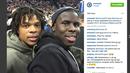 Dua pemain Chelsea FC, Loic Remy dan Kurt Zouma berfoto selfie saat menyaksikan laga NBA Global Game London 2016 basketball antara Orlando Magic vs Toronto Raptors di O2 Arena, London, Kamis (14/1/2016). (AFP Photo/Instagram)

══════════

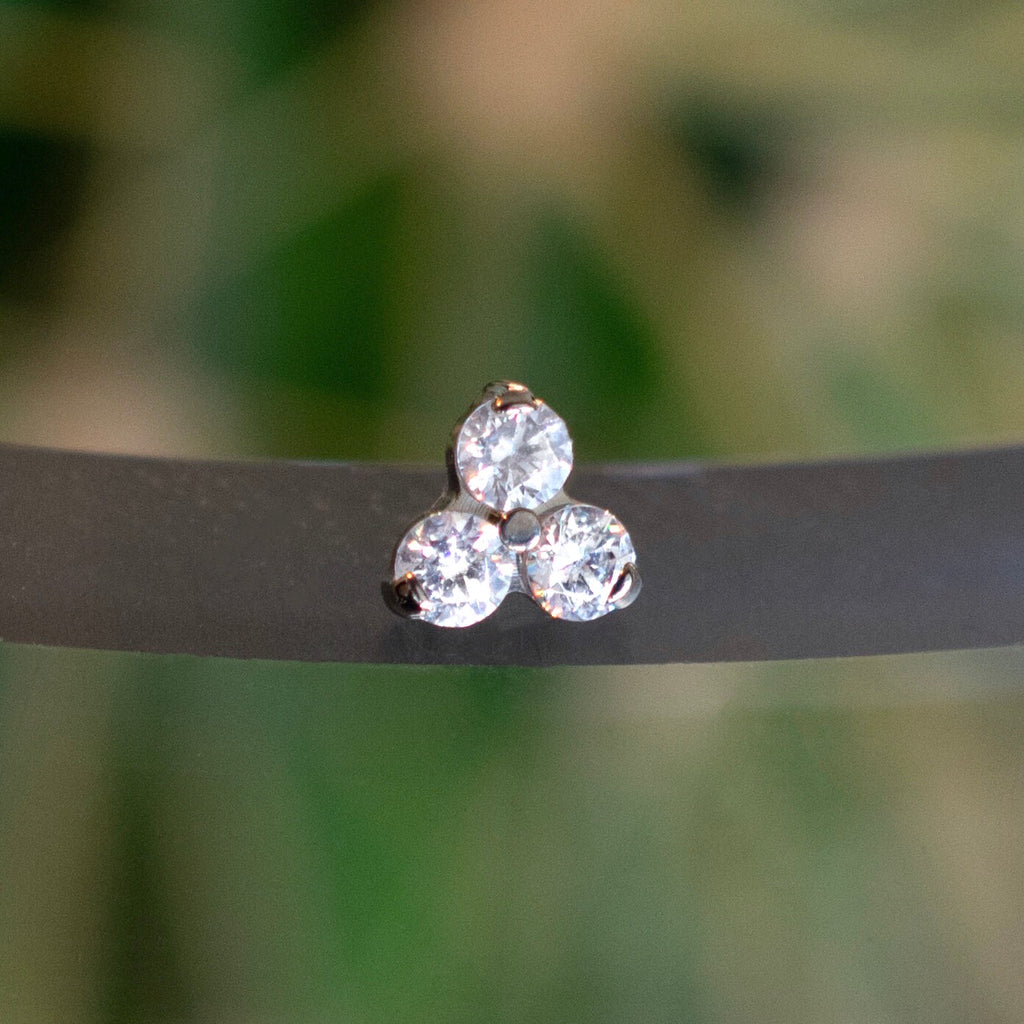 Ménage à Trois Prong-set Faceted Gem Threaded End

══════════

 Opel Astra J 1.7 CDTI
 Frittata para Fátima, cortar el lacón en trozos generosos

══════════

Using the data above, print exactly the lines from the line that contains "Opel Astra J 1.7 CDTI" through the line that contains "Frittata para Fátima, cortar", with both included.

- _Response box_
 Opel Astra J 1.7 CDTI
 Frittata para Fátima, cortar el lacón en trozos generosos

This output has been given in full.